David Miller (UK): Privatising Spin
Privatising Spin
By David Miller
Stirling, United Kingdom
The appointment of Howell James as the first ever Permanent Secretary for government information is a strong indication of the shape of things to come in government spin. His post is the most powerful civil service propaganda job since the second world war. James is the former Director of Corporate Affairs for both TVAM and the BBC, overseeing the latter's commercialisation. Latterly, this 'close friend' of Peter Mandelson ran his own PR firm, briefly advising the Hinduja brothers in the donations for passports row which led to Mandelson's second resignation from the cabinet. In his role as partner of PR firm Brown Lloyd James, he also sat on the Phillis committee which recommended the creation of his new post. Phillis abolished the half century old Government Information and Communication Service in February, which had inhibited the progress of spin, leaving its incumbent director Mike Granatt, jobless. This was the culmination of the New Labour reforms of spin set in train by Mandelson and Campbell in May 1997.
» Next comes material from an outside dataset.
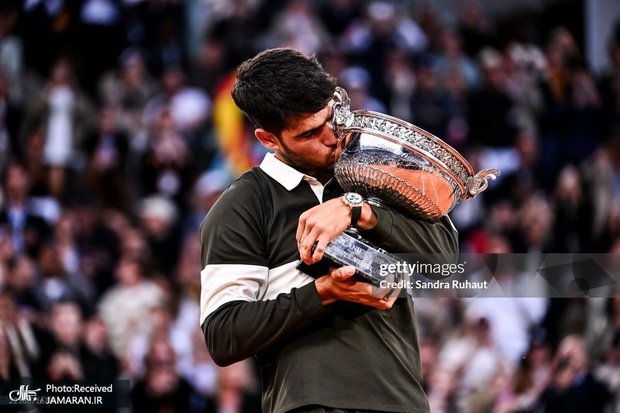 عکس و ویدیو| جام قهرمانی رولان گاروس در دستان نابغه ۲۲ ساله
The Guardian thought there was a 'whiff of cronyism' about the appointment, but this is to see only the surface personal links in the tight knit New Labour milieu. [1] In fact the problem goes much deeper. James’ appointment is an indication of the profound changes set in train by Phillis which are most notably about opening the way for £ hundreds of millions of public money to be spent on private sector PR consultants. The future of government information is not the much heralded end of spin. Instead, we will have the wholesale adoption of private sector PR techniques, the defining characteristics of which are cynical manipulation and lying dressed up as openness, consultation and 'partnership'. Their job will be to use the latest techniques for manipulating or bypassing public opinion thus undermining democracy by further insulating government from the people.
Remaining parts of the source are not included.